We hit Big Sur, checking the sights and putting the Monte through it’s paces on the turns. SUV drivers ran for the turnouts as they tried to lumber their monster trucks through 140 degree hairpins.

We were continuously amazed at the amount of people who actually live up there, houses clinging to the cliffsides, with not a Target in sight.

Next stop was Monterey, CA, for some clam chowder on the ol’ stinky pier. We managed to sit next to a white trash family who’s normal volume of speech would be considered by most to be yelling.

A heavy jam session by a toupee & tuxedo-clad entertainer was goin’ down as we split the scene.

Next stop was the great SF city with a nice cruise through good ol’ Silicon Valley. Dreams of the Sand Hill road fluttered through my head as we drove through. “ooh, there Oracle – look that’s Seibel”.
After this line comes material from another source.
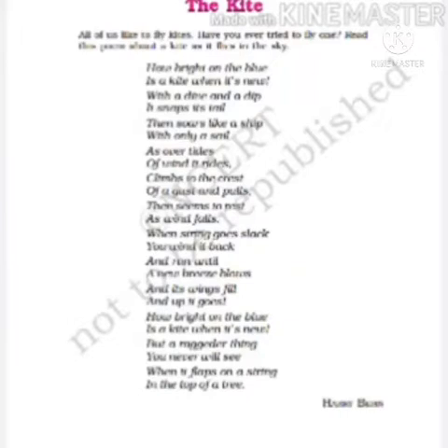Let me read the poem for you. How bright on the blue is a kite when it's new, With a dive and a dip it snaps its tail, Then soars like a ship with only a sail, As over tides of wind it rides, Climbs to the crest of a gust and pulls, Then seems to rest as wind falls. When string goes slack, you wind it back, And run until a new breeze blows, And its wings fill and up it goes, How bright on the blue is a kite when it's new, But a ragdoll thing you never will see, When it flaps on a string, In the top of a tree.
Our accomodations were the luxurious Marriot in downtown SF. Thank you Priceline! Although we were toasty from the road we managed to hit up some shopping and tool around the city for a bit before turning in.

Day 3, Sunday, July 11
THe AM started with a crosstown jaunt to the Haight for some cafe and bagels.

The Haight is still asleep at 10AM on a Sunday, so we grabbed some coffee and checked out a few of the freaky shops. I stopped into FTC skateshop’s new, boutique-style location and got plenty of attitude. “yeah bro, we got exclusive rights to photograph the whole thing…” was overheard as we departed.

We fueled up, and grabbed the 101 as we headed out of town and over the Golden Gate.

Our next stop was good ol’ Ukiah, California, a mildly decrepit outpost of civilization in the the pre-redwoods. Alas, the entire town was closed, so we stopped into a CrackDonalds for a piss and some fries before heading up to the Redwoods.

Within a couple hours we were on the Avenue of the Giants, chillin’ with the big trees, enjoying the quiet, and commenting on the abundance of broken down school buses in people’s front yards.

That night we camped in the Humboldt Redwoods State Park, just at the entrance to the treacherous and desolate Mattole Road, gateway to NorCals’ ‘Lost Coast’.